## Exercise instructions:
Only the stretch of the listing below that runs from the line with "Sac Bandoulière En" through the line with "Avocado Oil, Cold" is to be printed, exactly and with both ends.

## Data listing:
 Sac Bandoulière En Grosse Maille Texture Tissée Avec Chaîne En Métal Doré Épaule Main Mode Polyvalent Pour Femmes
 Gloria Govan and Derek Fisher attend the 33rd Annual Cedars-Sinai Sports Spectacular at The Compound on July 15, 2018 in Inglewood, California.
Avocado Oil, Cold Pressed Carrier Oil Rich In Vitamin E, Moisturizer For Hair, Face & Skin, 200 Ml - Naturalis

...

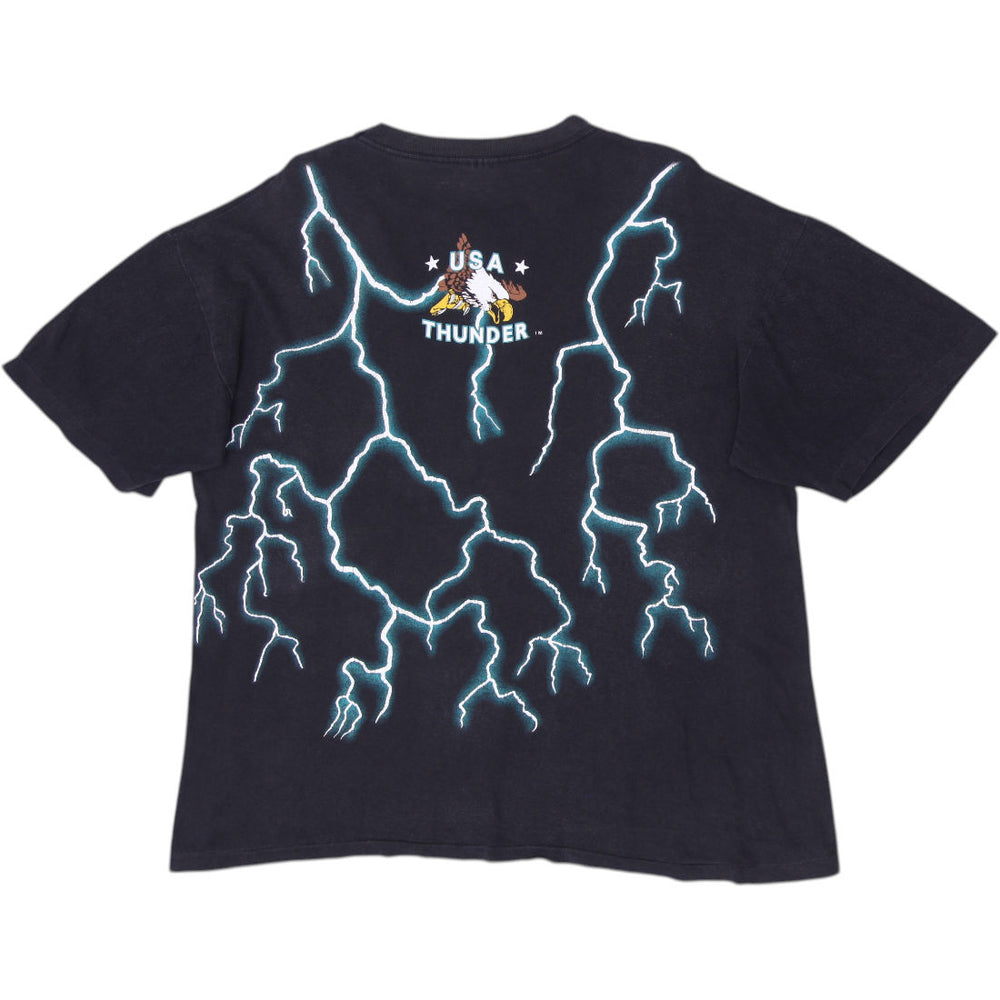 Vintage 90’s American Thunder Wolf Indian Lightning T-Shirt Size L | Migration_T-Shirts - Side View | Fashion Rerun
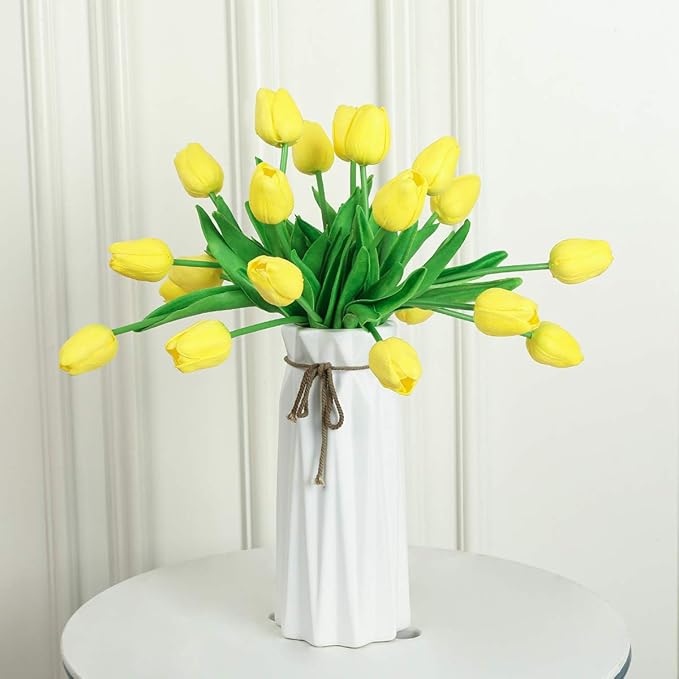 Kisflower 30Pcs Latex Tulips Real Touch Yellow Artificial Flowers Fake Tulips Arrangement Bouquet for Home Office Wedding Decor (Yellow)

* * *

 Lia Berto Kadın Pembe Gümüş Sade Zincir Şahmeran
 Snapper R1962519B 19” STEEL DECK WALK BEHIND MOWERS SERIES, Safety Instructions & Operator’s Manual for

## Expected answer:
 Sac Bandoulière En Grosse Maille Texture Tissée Avec Chaîne En Métal Doré Épaule Main Mode Polyvalent Pour Femmes
 Gloria Govan and Derek Fisher attend the 33rd Annual Cedars-Sinai Sports Spectacular at The Compound on July 15, 2018 in Inglewood, California.
Avocado Oil, Cold Pressed Carrier Oil Rich In Vitamin E, Moisturizer For Hair, Face & Skin, 200 Ml - Naturalis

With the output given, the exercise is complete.